Расстеленная на песчаной почве одежда стала для них мягким ложем. Данте навис над нею, упиваясь видом Глорианы, распростертой перед ним в лунном свете. Каждый совершенный изгиб, каждое очаровательное углубление серебрились как редкое, драгоценное сокровище, каким и была ее красота на самом деле.

Протянув к нему руки, она касалась трепетными пальцами его груди, зарывалась ими в его волосы, задерживала ладони на его коже, а луна подчеркивала изумительное сочетание молочной белизны ее тела с загаром, покрывавшим его дубленую кожу воина.

– Я… я видела тебя во сне таким, Данте. Это признание взорвало кровь в его чреслах.

– А ты мне не снилась, – хрипло проговорил он. На лицо Глорианы набежала тень.

– Нет, это не то, о чем ты думаешь. – Данте едва справился с дрожью, охватившей его, когда он попытался объяснить Глориане, как страстно он ее желал. – У меня нет слов, Глориана. Я хочу сказать, что если кому-то нужно уснуть, чтобы что-то увидеть, то я представлял тебя каждый миг наяву. Мои губы пили твое тело, а язык упивался твоей сладостью сотни, тысячи раз, но ни одно из этих мечтаний не может сравниться с тем, что я чувствую сейчас, когда ты рядом во всем великолепии своей красоты.

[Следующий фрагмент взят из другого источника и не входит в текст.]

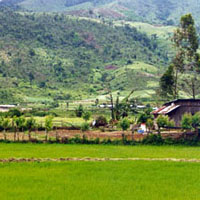 typical vietnamese farm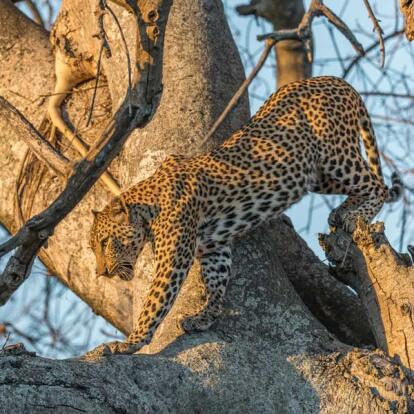 Voyage en Tanzanie - Ruaha sauvage et Mafia secrète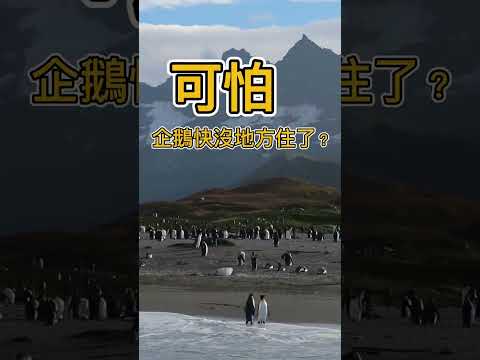 【臺北醫院】短影音系列-地球需要喘口氣，你還不減塑啊？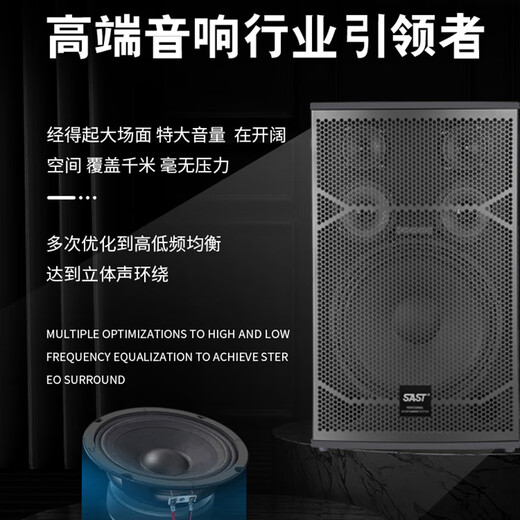 先科家庭ktv音响套装点歌机卡拉ok点唱一体机全套会议室家用家庭影院K歌全套电视客厅专业唱歌组合音箱 专业12寸10单元音响+功放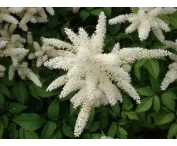 Astilbe (A) 'Brautschleier'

Охваченная трепетом, Глориана пролепетала его имя, и он забыл обо всем на свете.

У Данте, как у каждого мужчины, были женщины, но все эти встречи никогда не затрагивали самых сокровенных глубин его души.

Глориана что-то тихо шептала и вздыхала. Она была как горячий шелк, как подогретый мед. И Данте Тревани очертя голову погрузился в ее любовь, в дар ее женственности, забыв обо всем на свете.

Он понимал, что не должен давить на нее тяжестью своего веса, но ему хотелось ощущать всем телом сладостные прикосновения шелковистой кожи Глорианы, ласкавшей его грубую шкуру. Понимал, что не должен сжимать ее так крепко, но ничего не мог поделать со своим желанием еще крепче прижать ее к себе, поглотить ее всем своим существом.

Тело Глорианы, такое хрупкое и утонченное в сравнении с его собственным, поражало и покоряло его своей упругой силой. Она легко выдерживала его тяжесть, поощряя его железные объятия. Она выгибалась навстречу ему, все больше сводила его с ума нежными прикосновениями своих грудей и бедер к его напрягшейся плоти.

– Данте. – Его имя срывалось с ее губ как ласка, и у нее вырвался глубокий вздох, когда он, не в силах больше ждать, прижал свои пальцы к мягким складкам средоточия ее женской зрелости. И в тот же миг пришла очередь его глубокого вздоха – он почти задохнулся, поняв, что она отдавалась ему девственницей. Ее лоно сомкнулось вокруг его пальцев плотнее, чем ему казалось возможным, – горячее, влажное и чувственное, и он стиснул зубы, борясь с пожиравшим его желанием двигаться дальше и дальше, чтобы наконец бурно ворваться внутрь Глорианы.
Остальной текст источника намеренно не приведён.